Experts warn that increasing surface ocean temperatures may change the frequency and duration of El Niño cycles and may affect fish migration patterns. These changes may lower overall productivity and alter the spatial distribution of tuna stocks in the long run,” Aquino recognised.
Fuel and oil prices make up half of the industry’s operating costs, and prices are escalating. Aquino said the government is considering giving small local fishers fuel subsidies.
The Philippine Government, Aquino said, is committed to keeping the tuna industry going.

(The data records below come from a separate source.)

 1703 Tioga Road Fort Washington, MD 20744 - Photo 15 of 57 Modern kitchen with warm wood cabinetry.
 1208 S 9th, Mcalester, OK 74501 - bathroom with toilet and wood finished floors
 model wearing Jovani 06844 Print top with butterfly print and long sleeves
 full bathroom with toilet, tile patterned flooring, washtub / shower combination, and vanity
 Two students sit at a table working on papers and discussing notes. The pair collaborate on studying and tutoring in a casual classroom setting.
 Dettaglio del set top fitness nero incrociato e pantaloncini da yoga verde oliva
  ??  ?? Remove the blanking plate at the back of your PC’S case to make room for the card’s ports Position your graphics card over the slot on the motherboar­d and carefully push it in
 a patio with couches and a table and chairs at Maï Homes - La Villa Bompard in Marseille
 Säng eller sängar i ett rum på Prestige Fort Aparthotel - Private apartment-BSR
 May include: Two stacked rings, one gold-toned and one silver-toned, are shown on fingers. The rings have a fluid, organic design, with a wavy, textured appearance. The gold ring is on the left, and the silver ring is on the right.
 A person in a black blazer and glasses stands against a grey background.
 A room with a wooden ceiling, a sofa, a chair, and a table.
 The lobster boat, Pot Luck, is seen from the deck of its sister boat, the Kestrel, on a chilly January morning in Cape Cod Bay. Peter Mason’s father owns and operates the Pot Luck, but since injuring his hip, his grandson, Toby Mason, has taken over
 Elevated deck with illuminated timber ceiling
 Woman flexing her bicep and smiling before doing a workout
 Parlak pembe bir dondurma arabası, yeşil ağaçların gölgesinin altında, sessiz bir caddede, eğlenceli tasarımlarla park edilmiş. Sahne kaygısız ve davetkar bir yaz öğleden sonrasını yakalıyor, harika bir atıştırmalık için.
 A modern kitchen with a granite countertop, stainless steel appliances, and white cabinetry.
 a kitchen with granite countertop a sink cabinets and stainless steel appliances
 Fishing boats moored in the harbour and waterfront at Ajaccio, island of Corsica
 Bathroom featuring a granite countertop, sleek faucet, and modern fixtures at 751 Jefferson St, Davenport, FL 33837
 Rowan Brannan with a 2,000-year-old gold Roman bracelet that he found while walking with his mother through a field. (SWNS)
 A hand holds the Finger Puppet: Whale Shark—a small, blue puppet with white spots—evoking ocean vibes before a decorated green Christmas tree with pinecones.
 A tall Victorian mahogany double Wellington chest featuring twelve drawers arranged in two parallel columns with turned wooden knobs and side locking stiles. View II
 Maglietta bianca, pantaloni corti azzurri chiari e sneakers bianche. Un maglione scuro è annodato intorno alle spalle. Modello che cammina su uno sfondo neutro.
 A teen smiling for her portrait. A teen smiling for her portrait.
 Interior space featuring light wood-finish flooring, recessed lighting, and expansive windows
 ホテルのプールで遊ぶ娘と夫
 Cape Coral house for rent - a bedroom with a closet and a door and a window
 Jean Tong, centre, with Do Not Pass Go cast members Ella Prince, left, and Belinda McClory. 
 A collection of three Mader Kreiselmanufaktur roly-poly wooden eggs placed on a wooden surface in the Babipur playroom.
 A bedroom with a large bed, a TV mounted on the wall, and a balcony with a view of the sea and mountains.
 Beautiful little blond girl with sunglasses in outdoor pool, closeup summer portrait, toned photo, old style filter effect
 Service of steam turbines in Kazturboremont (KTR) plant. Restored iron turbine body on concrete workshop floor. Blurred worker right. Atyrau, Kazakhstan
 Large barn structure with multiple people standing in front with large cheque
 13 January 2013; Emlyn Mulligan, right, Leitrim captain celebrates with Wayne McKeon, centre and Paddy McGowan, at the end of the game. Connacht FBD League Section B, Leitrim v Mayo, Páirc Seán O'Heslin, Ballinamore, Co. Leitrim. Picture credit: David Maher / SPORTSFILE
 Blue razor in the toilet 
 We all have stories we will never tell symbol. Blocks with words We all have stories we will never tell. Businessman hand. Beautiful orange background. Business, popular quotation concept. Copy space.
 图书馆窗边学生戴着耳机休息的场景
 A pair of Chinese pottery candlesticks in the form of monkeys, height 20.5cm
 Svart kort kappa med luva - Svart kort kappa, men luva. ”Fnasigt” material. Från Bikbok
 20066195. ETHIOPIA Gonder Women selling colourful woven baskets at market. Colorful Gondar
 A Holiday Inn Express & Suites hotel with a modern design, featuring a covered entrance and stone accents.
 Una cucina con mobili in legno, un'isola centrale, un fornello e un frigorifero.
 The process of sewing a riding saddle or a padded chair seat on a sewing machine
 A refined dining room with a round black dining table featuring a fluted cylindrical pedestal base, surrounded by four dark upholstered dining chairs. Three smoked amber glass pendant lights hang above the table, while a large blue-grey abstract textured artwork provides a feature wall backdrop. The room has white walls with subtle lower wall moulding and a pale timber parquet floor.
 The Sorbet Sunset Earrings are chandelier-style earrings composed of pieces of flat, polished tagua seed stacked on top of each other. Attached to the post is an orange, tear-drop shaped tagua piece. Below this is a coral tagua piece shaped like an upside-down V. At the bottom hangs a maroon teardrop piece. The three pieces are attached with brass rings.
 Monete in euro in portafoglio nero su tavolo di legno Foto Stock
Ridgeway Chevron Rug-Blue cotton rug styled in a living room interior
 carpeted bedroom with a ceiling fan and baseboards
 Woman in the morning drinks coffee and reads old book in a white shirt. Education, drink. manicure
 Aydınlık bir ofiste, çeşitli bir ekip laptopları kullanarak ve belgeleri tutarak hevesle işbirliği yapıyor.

Officials have asked the Agriculture Department to come up with bilateral agreements to expand fishing grounds with neighbouring countries such as Indonesia, Palau, the Solomon Islands, Nauru, Kiribati and the Federated States of Micronesia.
Agriculture Secretary Proceso Alcala said the government will "continuously push for the reopening of that portion of the high seas [in the Pacific]." At least, he said, officials will try to secure special treatment for small and medium ring-netters and purse seiners or deep-sea fishing nets, GMA News reports.
In addition, Aquino urged the tuna industry to upgrade its methods and facilities and to abide by international standards and sustainable fishing methods if it wishes to penetrate the European market.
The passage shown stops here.